[Records contained in a dataset]
━━━━━━━━
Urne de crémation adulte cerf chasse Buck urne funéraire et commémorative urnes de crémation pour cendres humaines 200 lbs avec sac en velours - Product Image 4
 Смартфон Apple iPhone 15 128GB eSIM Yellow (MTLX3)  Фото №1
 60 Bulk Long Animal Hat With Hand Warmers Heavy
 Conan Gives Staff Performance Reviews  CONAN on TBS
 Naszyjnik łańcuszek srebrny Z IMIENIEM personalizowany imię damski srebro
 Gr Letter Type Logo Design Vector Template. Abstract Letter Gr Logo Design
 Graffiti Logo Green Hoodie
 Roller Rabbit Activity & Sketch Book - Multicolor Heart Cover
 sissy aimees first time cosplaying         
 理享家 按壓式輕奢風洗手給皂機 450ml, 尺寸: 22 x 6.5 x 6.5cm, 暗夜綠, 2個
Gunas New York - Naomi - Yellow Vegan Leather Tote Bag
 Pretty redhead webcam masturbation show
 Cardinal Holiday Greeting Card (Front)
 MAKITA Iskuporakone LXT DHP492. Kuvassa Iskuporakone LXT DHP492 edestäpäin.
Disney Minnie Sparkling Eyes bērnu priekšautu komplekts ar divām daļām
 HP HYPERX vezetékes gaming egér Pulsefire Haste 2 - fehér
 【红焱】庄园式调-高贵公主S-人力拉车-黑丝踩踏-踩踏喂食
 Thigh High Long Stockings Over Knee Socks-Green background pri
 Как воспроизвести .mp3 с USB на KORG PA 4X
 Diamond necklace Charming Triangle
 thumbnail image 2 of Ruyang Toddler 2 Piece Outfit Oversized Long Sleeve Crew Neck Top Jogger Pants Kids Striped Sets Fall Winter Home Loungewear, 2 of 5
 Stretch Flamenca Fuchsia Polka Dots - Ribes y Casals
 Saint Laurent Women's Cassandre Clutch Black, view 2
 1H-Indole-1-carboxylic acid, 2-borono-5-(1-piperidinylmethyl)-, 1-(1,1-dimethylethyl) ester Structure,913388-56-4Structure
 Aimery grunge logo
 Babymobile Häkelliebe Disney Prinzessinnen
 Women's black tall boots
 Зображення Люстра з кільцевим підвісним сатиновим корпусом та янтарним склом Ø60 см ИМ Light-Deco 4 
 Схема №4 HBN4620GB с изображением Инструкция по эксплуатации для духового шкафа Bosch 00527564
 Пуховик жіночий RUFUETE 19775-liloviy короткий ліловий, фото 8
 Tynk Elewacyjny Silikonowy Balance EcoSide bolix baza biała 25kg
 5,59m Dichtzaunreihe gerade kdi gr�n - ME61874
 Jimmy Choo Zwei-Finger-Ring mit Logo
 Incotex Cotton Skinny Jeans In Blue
━━━━━━━━
From the records above, copy each line where the word "Women" can be found.

 Saint Laurent Women's Cassandre Clutch Black, view 2
 Women's black tall boots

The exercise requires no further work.